I'm still quite pleased that for a current 90-student course I'm teaching, 20-30 show up each week. I'm sometimes perplexed about why some would show up at all. I wouldn't show up at my own course if I had the choice tbh. But my guess is that interacting with the students, letting them feel that their contribution to the lecture is worth their time, and letting them feel that they get something out of human interaction makes it rational to show up some of the time.
Here's what I do. Since the course is somewhat on contentious moral issues, I begin the course with a vote for or against a certain statement, and let students express their opinions. I try to reconstruct their opinions into something intelligible to let the conversation move on and get students to respond to the rational reconstruction. I also pause and let students have a go on why they agree or disagree with some other statements. I think at least some students find this entertaining.

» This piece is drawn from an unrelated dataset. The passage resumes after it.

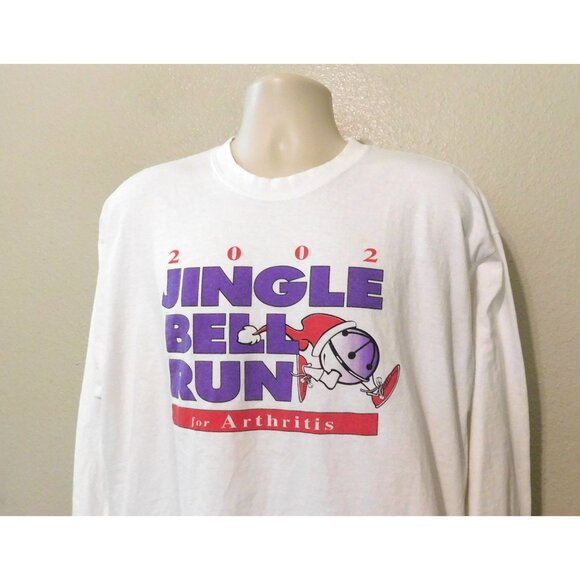 Jingle Bell Run for Arthritis 2002 Tee XL White Long Sleeve Fort Worth Hanes - Picture 2 of 7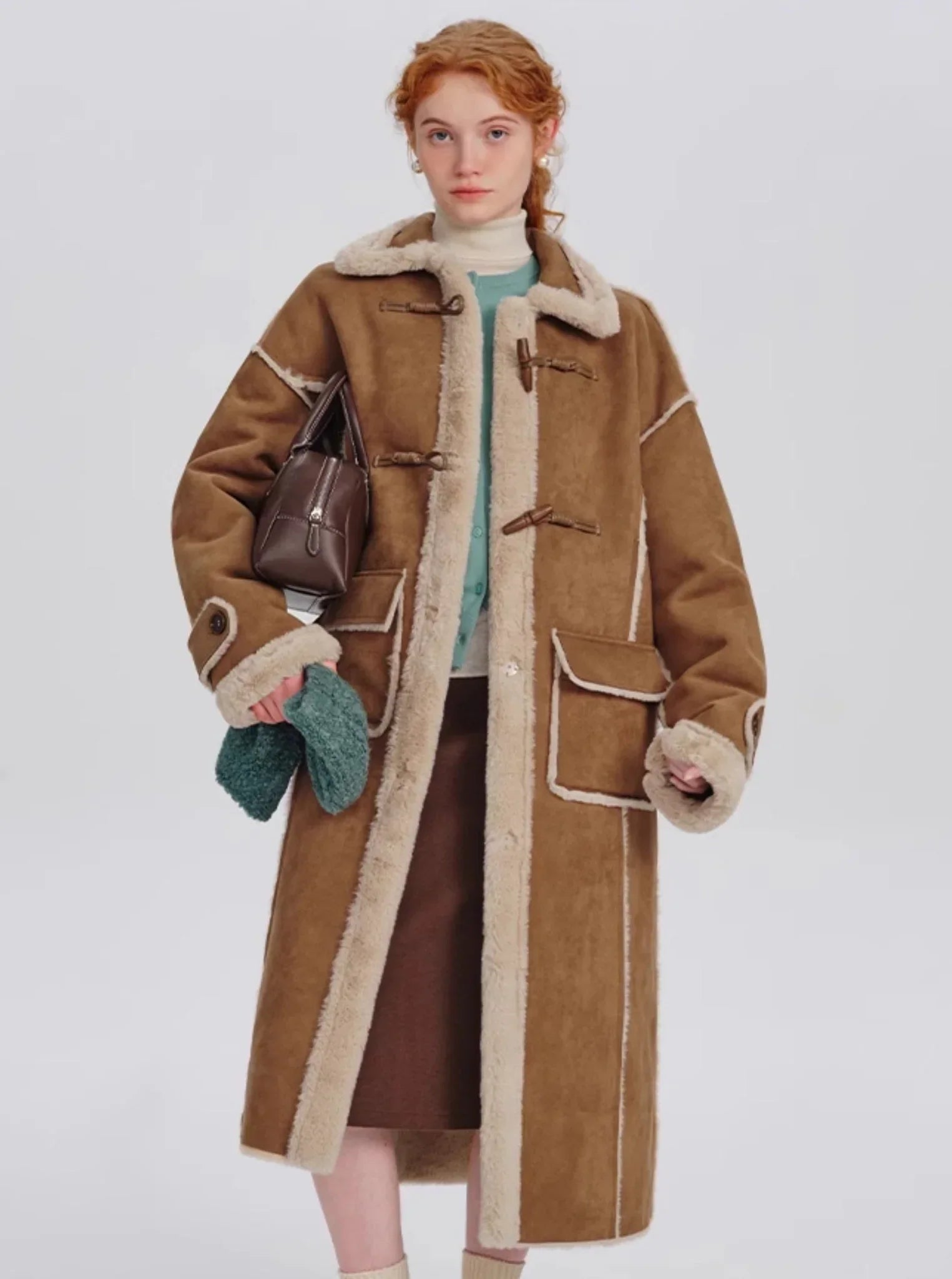 Long suede lambswool coat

Posted by: non-tt faculty | 08/10/2022 at 08:06 PM
I like using technology (Clickers etc.) for high-frequency low-stakes assessed engagement. When I teach large courses, I check in 5–10 times per hour to ask students questions. Sometimes those are questions with correct answers to see how well they understand; sometimes they're as simple as "how are you feeling? does this make sense?"
I give a participation score for the responding to these questions, which effectively gives them course credit for attending.
Posted by: Jonathan Ichikawa | 08/15/2022 at 12:55 PM
To echo what some others have said, give the students easy, short assignments that are graded on completion. This will boost student engagement in those lectures, and it will also require that students attend class to get those points.
I'd vote against restricting access to slides and other materials used in class. Many students will miss class for legitimate reasons, and you'd be disadvantaging them by cutting them off from that material. If they miss class for a documented disability, then your institution's Disability Services Office (or equivalent) may be require that you distribute this material to those students. Moreover, students will usually benefit from being able to revisit course material later when they review for exams and will not be able to do that easily if their only reference to the handouts, slides, etc., is their own notes.